Monday, June 28, 2010

Welcome to my Pilgrimage

Pilgrimage (noun): a journey, especially a long one, made to some sacred place as an act of religious devotion

The journey: As I see it, my journey started 10 years ago when I moved to Georgia. And while that may seem irrelevant to where I am now--Yale University studying Chaucer and Medieval Culture--that decade-old decision was the first ripple to where, and who, I am today. This specific journey, however, started when I first taught The Canterbury Tales in 2008. Captivated by Chaucer's characters and commentary on Medieval life, British literature and culture became a new area of interest for me. When the email from NEH (National Endowment for the Humanities) detailing this grant opportunity filtered mysteriously into my in-box this Spring, I applied enthusiastically, but realistically expected a rejection letter. On April Fool's Day, I was elated to learn that I had been accepted. (Yes, April Fool's Day. Dr. Patterson has a sense of humor (or humour in Middle English).)

A long one: For the next six weeks I, along with 15 other teachers from around the United States, will study under Dr. Lee Patterson at Yale University. That's a long journey, especially when you consider the size of the apartment I'm subletting!

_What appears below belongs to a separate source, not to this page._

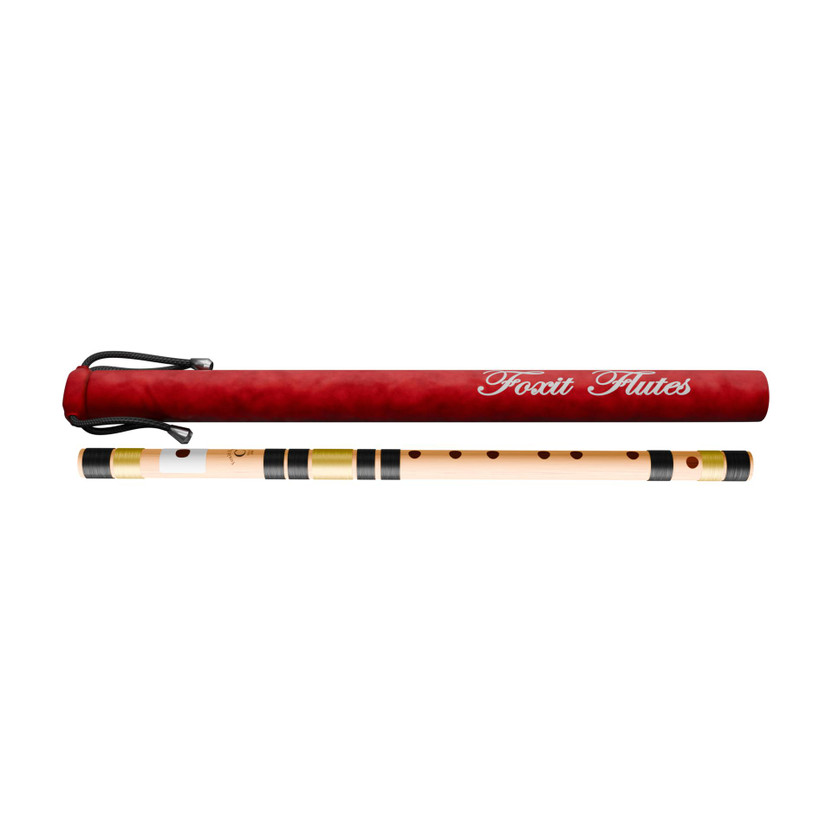 Foxit Musical C Natural 7 Hole Right Hand Bansuri Size 19 inches Fiber Flute(5 cm)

Check out Dr. Patterson's curricula vitae; it's pretty impressive.
www.yale.edu/english/profiles/cvs/CV-patterson.pdf

To some sacred place: Don't be offended by the sacrilege and blasphemy in considering Yale a sacred place. I don't worship this university in lieu of a God, but as a place of academia. Yale, an Ivy League Institution, is the third-oldest college in the United States and houses almost 11 million volumes in its libraries (4 million in Sterling Memorial, the rest in the campus's 19 other libraries), making it the second-largest collegiate library in the world. For a literature nerd like myself, that's pretty sacred.

An act of religious devotion: If you look past the adjective and instead to the noun, you see that this course of study is indeed an act of devotion. Six weeks dedicated to one man, and his one primary text, and their shaping of culture since the late 1300s--it's a devotion parallel that which an athlete would attribute to perfecting "his game." Literature and language are my game and I am eager to learn everything I can from this opportunity.

And as I experience what this Pilgrimage has to offer, I'll post it here, a modern-day forum for a Pilgrim's tale.